Its assertion added that AI would “turn into as foundational to economies and societies as electrical energy.” Infrastructure of that significance has to soak up tough intervals with out dropping its form,” G42 added.
Tareq Amin, the CEO of Saudi Arabia’s HUMAIN, advised CNBC the corporate’s “ambition has by no means been restricted to constructing information facilities. We’re constructing the complete AI stack – from essential infrastructure and compute, to fashions, platforms, and AI functions.”
Amin added that “Saudi Arabia’s scale is a strategic benefit,” emphasizing its “massive geography” and “ample power assets, world-class connectivity corridors, and the power to construct long-term resilient AI infrastructure at scale.”
“The long run AI financial system would require nations to assume past remoted amenities and towards built-in infrastructure ecosystems designed for reliability, scalability, and world attain,” Amin added.
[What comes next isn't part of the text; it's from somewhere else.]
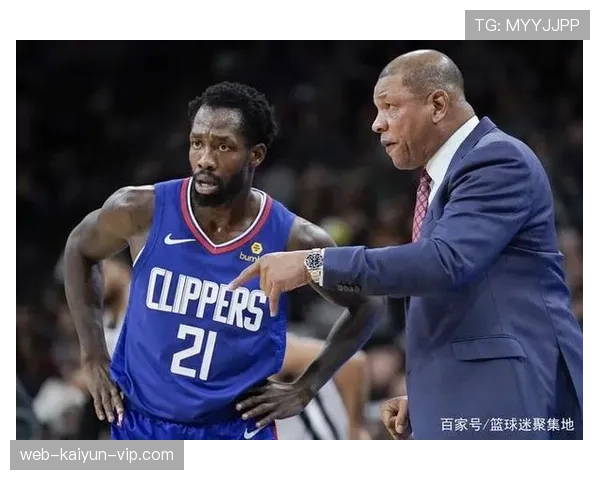 篮球规则中非法用手防守的定义与判定标准解析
BCLP’s Richards advised CNBC that the agency continues to be seeing inbound enquiries for large-scale information heart initiatives within the Center East. Pure DC’s Wojtaszek stated the corporate was “bullish” in regards to the area and was progressing planning and funding discussions about initiatives within the UAE and Saudi Arabia.
However the battle has “shattered the phantasm of long-term stability within the Gulf,” altering the worth of investing within the area, Aalok Mehta, director at assume tank the Middle for Strategic and Worldwide Research, advised CNBC.
Future information facilities will doubtless be costlier and slower to return on-line due to the prices of facility hardening and anti-drone expertise, increased insurance coverage charges and attainable long-term provide chain points, he stated.
“The area has demonstrated its capacity to vary and adapt,” Tara Davies, EMEA co-head of personal fairness firm KKR, advised CNBC in Abu Dhabi earlier this month.
“AI is altering each month in the intervening time,” she added. “Regardless of the short-term volatility within the area and the short-term uncertainty, it is a sport that lasts a long time.”